Make an exact copy of the entries below and leave any picture out of it.

━━ Provided data ━━

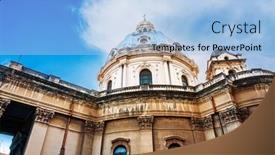  Presentation with building - Presentation design with traditional-cathedral-building-in-messina background and a light blue colored foreground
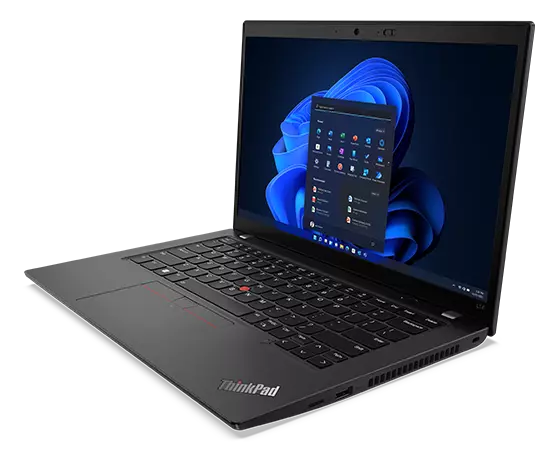 Lenovo ThinkPad L14 Gen 4 (14” AMD) laptop – front right view, lid open with search window over blue wavy background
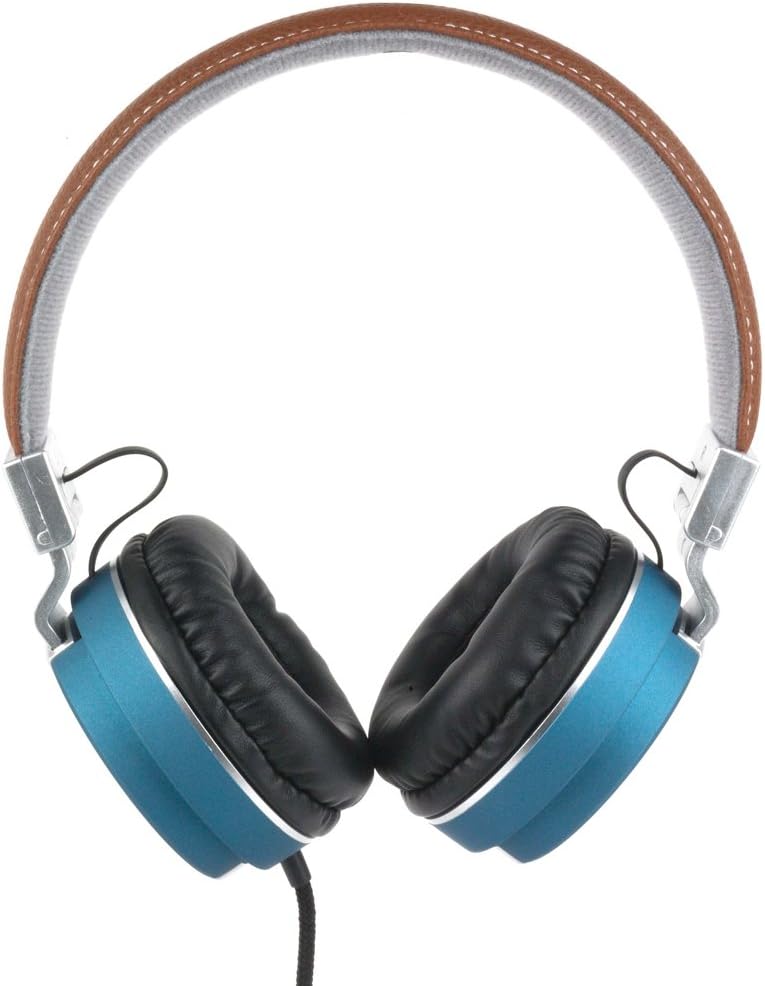INTEMPO EE3072BLUSTK Matte Leather-Look Headphones, Blue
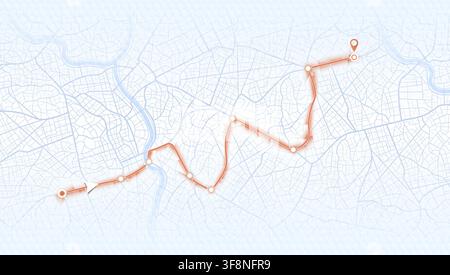 GPS navigation to pins and multiple markers on route. City map featuring directional signs, an intended goal point. Abstract plan highlights POI city Stock Vector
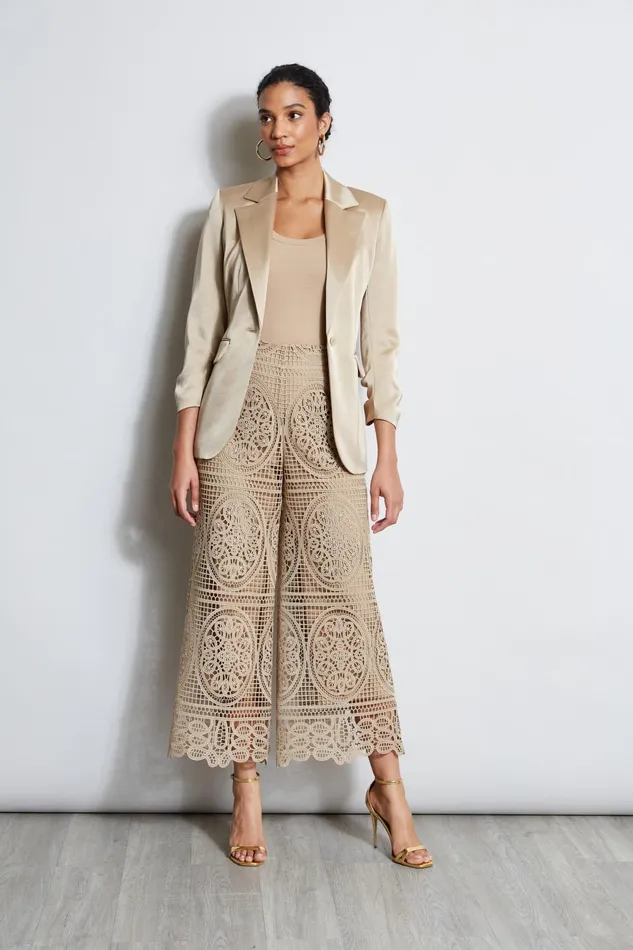 Outlet 8211 Women Bottoms Elie Tahari Lace Palazzo Pant Sandcastle
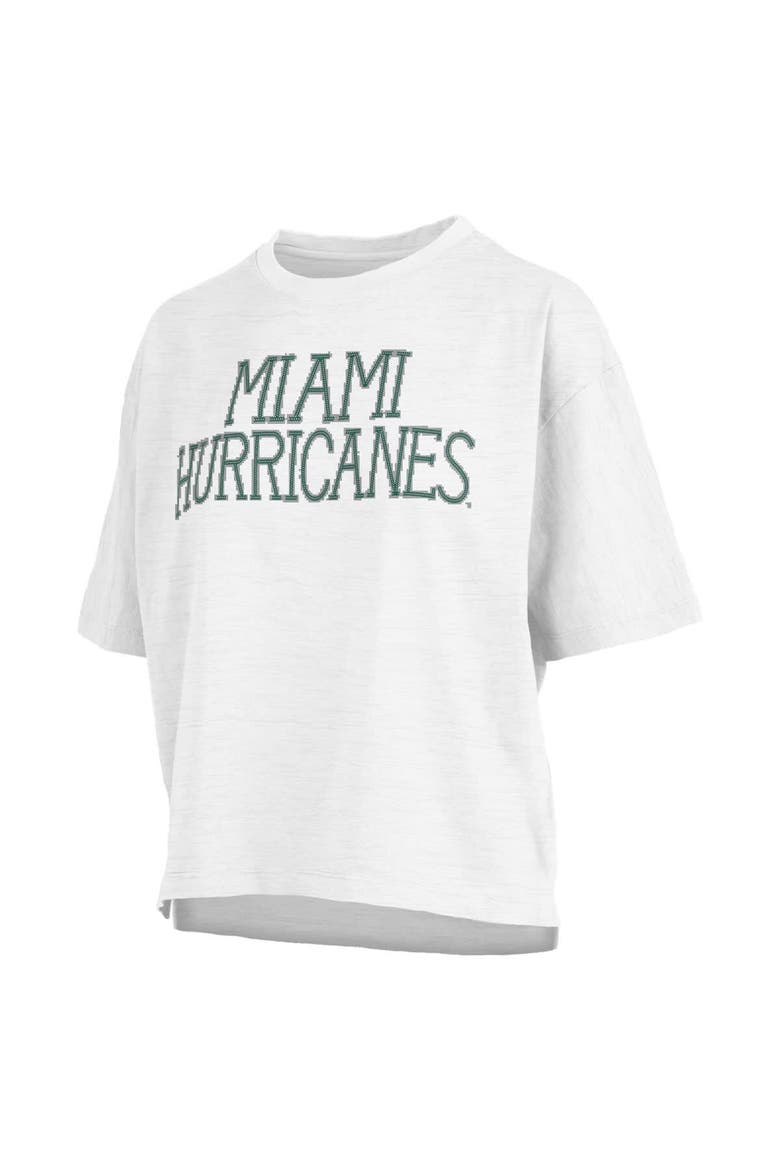 Women's Pressbox White Miami Hurricanes Motley Crew Chain Stitch Slub Waist Length Boxy T-Shirt, Alternate, color, White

━━━

Written response:
  Presentation with building - Presentation design with traditional-cathedral-building-in-messina background and a light blue colored foreground
 Lenovo ThinkPad L14 Gen 4 (14” AMD) laptop – front right view, lid open with search window over blue wavy background
INTEMPO EE3072BLUSTK Matte Leather-Look Headphones, Blue
 GPS navigation to pins and multiple markers on route. City map featuring directional signs, an intended goal point. Abstract plan highlights POI city Stock Vector
 Outlet 8211 Women Bottoms Elie Tahari Lace Palazzo Pant Sandcastle
 Women's Pressbox White Miami Hurricanes Motley Crew Chain Stitch Slub Waist Length Boxy T-Shirt, Alternate, color, White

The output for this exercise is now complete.